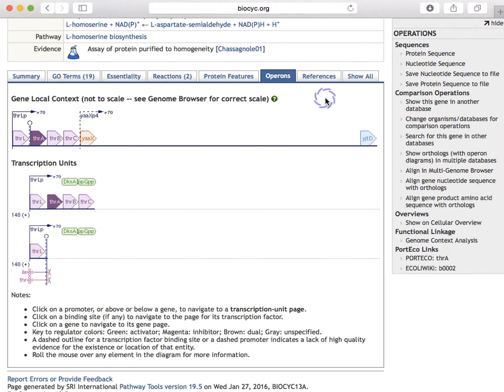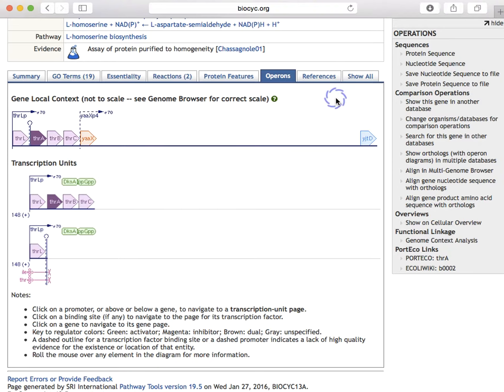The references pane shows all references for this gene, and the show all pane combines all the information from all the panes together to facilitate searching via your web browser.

* * * * *

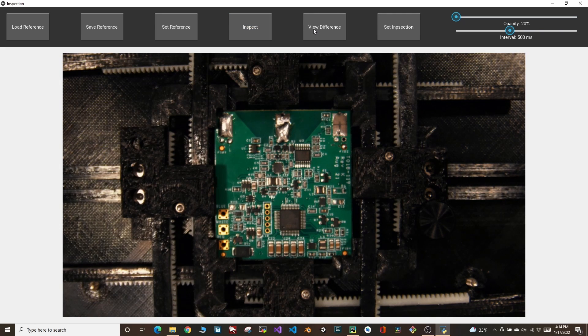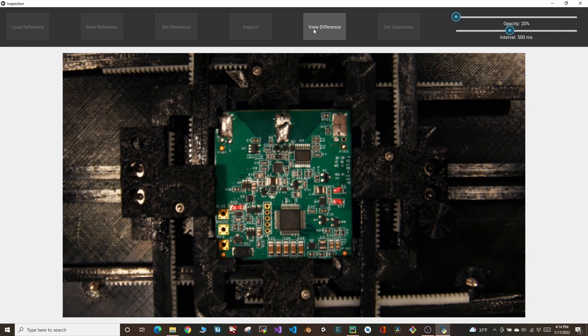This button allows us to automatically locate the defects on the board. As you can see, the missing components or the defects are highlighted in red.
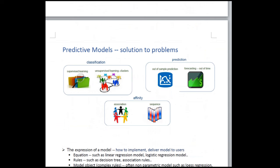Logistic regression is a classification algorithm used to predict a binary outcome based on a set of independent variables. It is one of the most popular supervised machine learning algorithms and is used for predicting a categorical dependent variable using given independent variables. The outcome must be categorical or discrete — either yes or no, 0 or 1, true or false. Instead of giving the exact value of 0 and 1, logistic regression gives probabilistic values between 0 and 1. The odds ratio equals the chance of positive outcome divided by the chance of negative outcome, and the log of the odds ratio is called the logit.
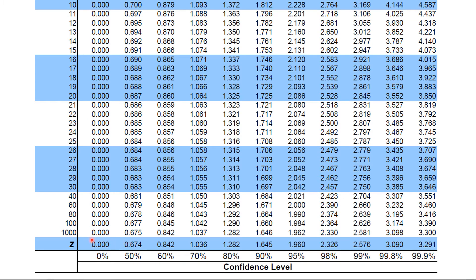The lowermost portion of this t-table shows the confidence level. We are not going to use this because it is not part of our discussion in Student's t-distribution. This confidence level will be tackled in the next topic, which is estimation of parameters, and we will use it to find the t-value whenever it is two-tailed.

* * * * *

▸ Your task: Transcribe, from the material above, the stretch starting at the line with "Logistic regression is" and ending at the line with "The lowermost portion", both included, exactly. Do not carry over pictures.

▸ Exercise answer:
Logistic regression is a classification algorithm used to predict a binary outcome based on a set of independent variables. It is one of the most popular supervised machine learning algorithms and is used for predicting a categorical dependent variable using given independent variables. The outcome must be categorical or discrete — either yes or no, 0 or 1, true or false. Instead of giving the exact value of 0 and 1, logistic regression gives probabilistic values between 0 and 1. The odds ratio equals the chance of positive outcome divided by the chance of negative outcome, and the log of the odds ratio is called the logit.
The lowermost portion of this t-table shows the confidence level. We are not going to use this because it is not part of our discussion in Student's t-distribution. This confidence level will be tackled in the next topic, which is estimation of parameters, and we will use it to find the t-value whenever it is two-tailed.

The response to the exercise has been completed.